Recent controversies at Facebook and various other companies have highlighted the vast quantities of data these companies collect and how vulnerable the data are to exposure. There is a reasonable debate going on regarding whether companies should be able to share this data and for what purposes. Academics have to realize that they are also part of this debate and that any decisions made in that domain will likely affect them. For example, the Health Insurance Portability and Accountability Act (HIPAA) was not a law that particularly had academics in mind, but it nevertheless had a profound effect on the way that academics handled health insurance data for research purposes. Should governments around the world decide to restrict the amount of data that social networks like Facebook can share with third parties, those decisions will likely affect academics too. The recently implemented EU General Data Protection Regulation is a step in this direction and there will likely be more to follow.
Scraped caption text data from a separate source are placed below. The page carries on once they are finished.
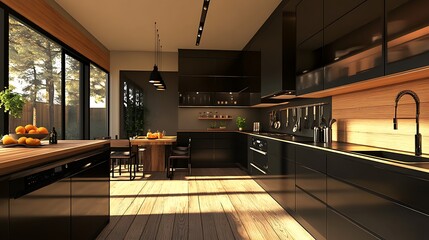 Modern Black Kitchen with Wooden Accents and Sunlight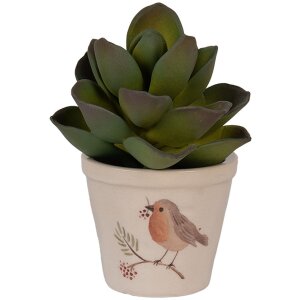 Clayre & Eef Bloempot Landelijke Stijl Ø8x7cm Beige Bruin Keramiek Vogelmotief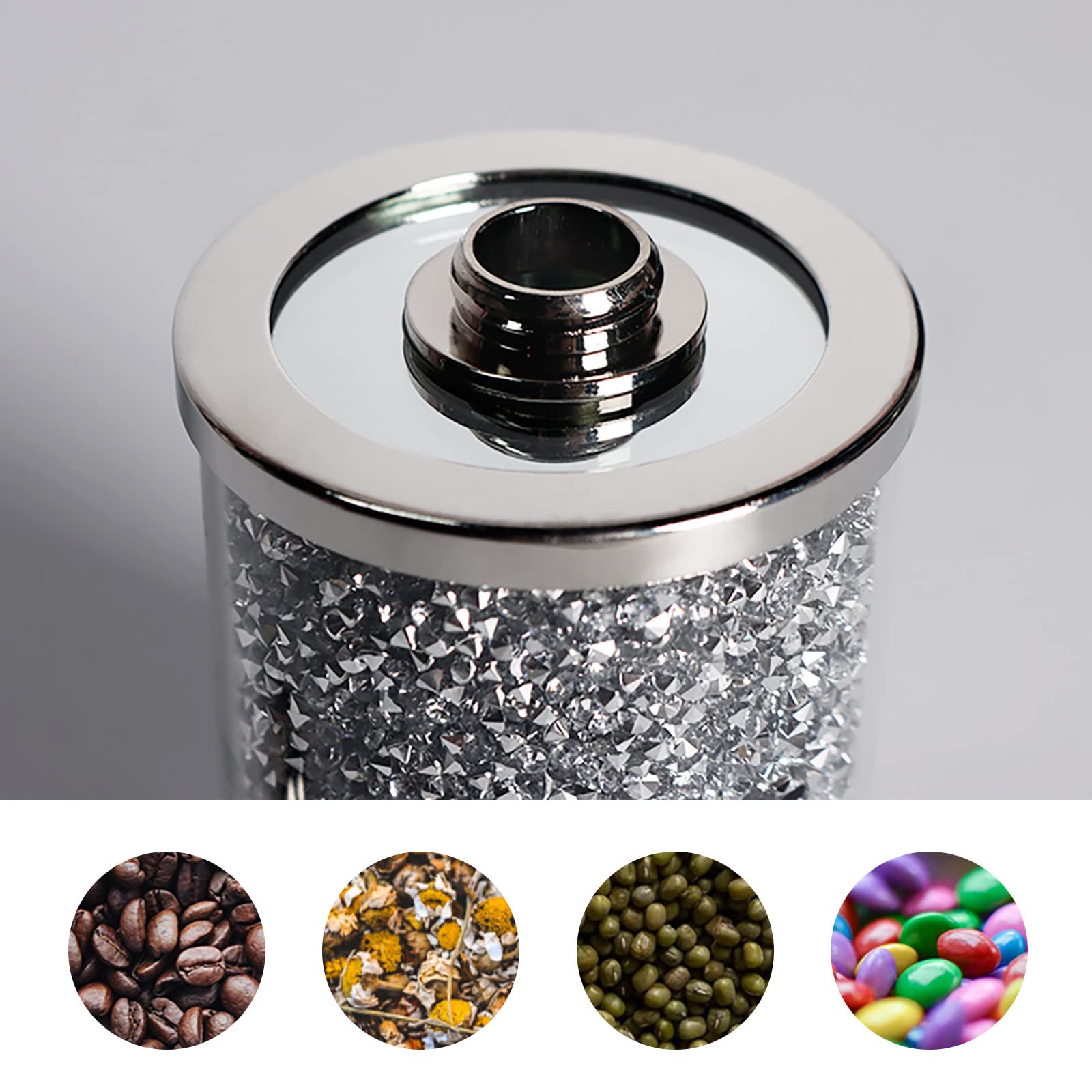 Sparkling Crystal Salt and Pepper Shakers Set with Elegant Tray - Diamond-Cut Luxury Kitchen Decor for Countertop - Perfect for Dining Table, Wedding Gifts & Home Entertaining - Silver Finish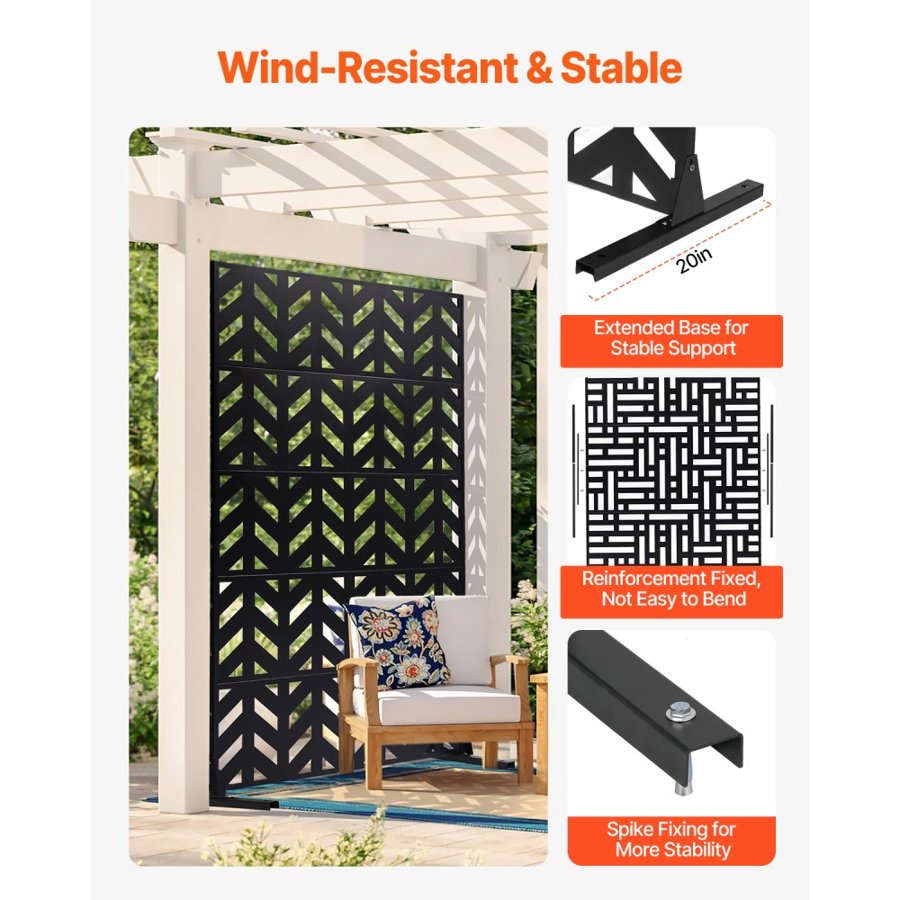 VEVOR Black Metal Outdoor Privacy Screen – 47" W x 72"H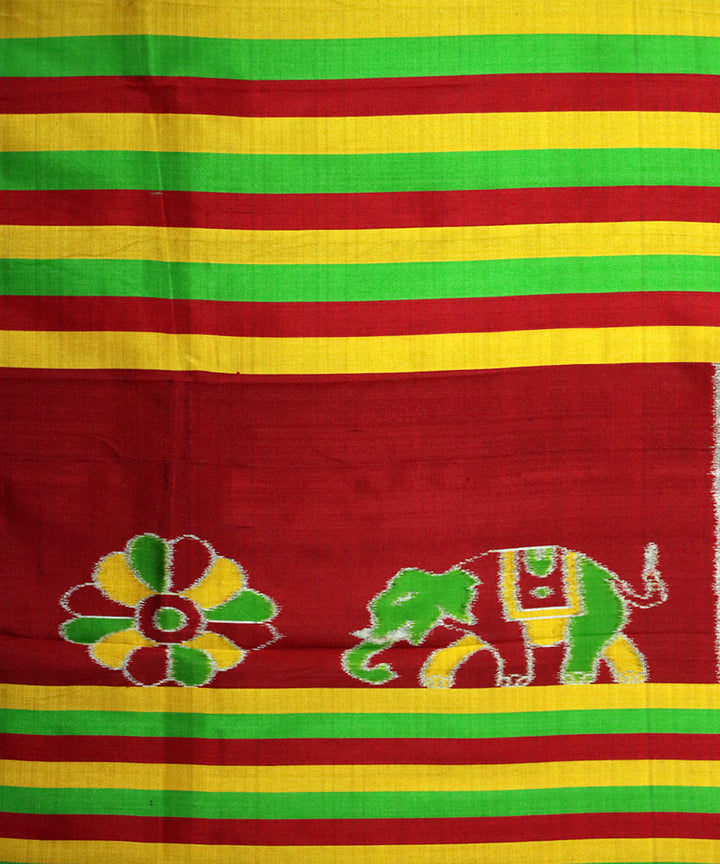 Maroon amber handloom silk nuapatna stole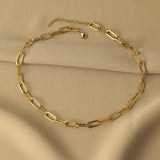 Women's Stainless Steel Paperclip Chain Necklace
While there are many complexities involved in sharing health data, I do think data sharing serves an important practical purpose, beyond the transparency and the “it’s the right thing to do” reasons. Lack of data sharing serves to entrench incumbents in the field, and so large and rich institutions can afford to hoard their data and collect new data whenever they feel like it. This hoarding of data feeds an upward cycle where these institutions can therefore get more funding to collect even more data that they don’t share. Newer entrants to a given field are left with fewer resources and an inability to collect the same kinds of data. A rich infrastructure of data sharing allows these new entrants to get “up to speed” quicker and to ask more interesting questions from the get go. The same is true in the commercial world, as huge companies like Facebook and Google can afford to hold on to their data and comply with various complex regulations. They may be especially motivated to do so if it prevents upstarts and competitors from appearing. The recent release of Facebook’s dating feature is a near perfect example of this. Facebook might be very motivated to not share its data if it can build its own separate business while simultaneously jeopardizing the business models of its competitors Match.com, Tinder, and OkCupid, which depend critically on Facebook’s social graph.

In the end, doing things for research does not give someone a blank check to do anything. Over time we have restricted the activities that researchers can engage in, because society has decided they are unethical or otherwise inappropriate. I think it’s inevitable that the sharing of data will require a society-wide discussion about whether sharing for research purposes provides a benefit that outweighs the costs. Right now, we have researchers essentially making unilateral decisions on an ad hoc basis and I don’t think that is sustainable.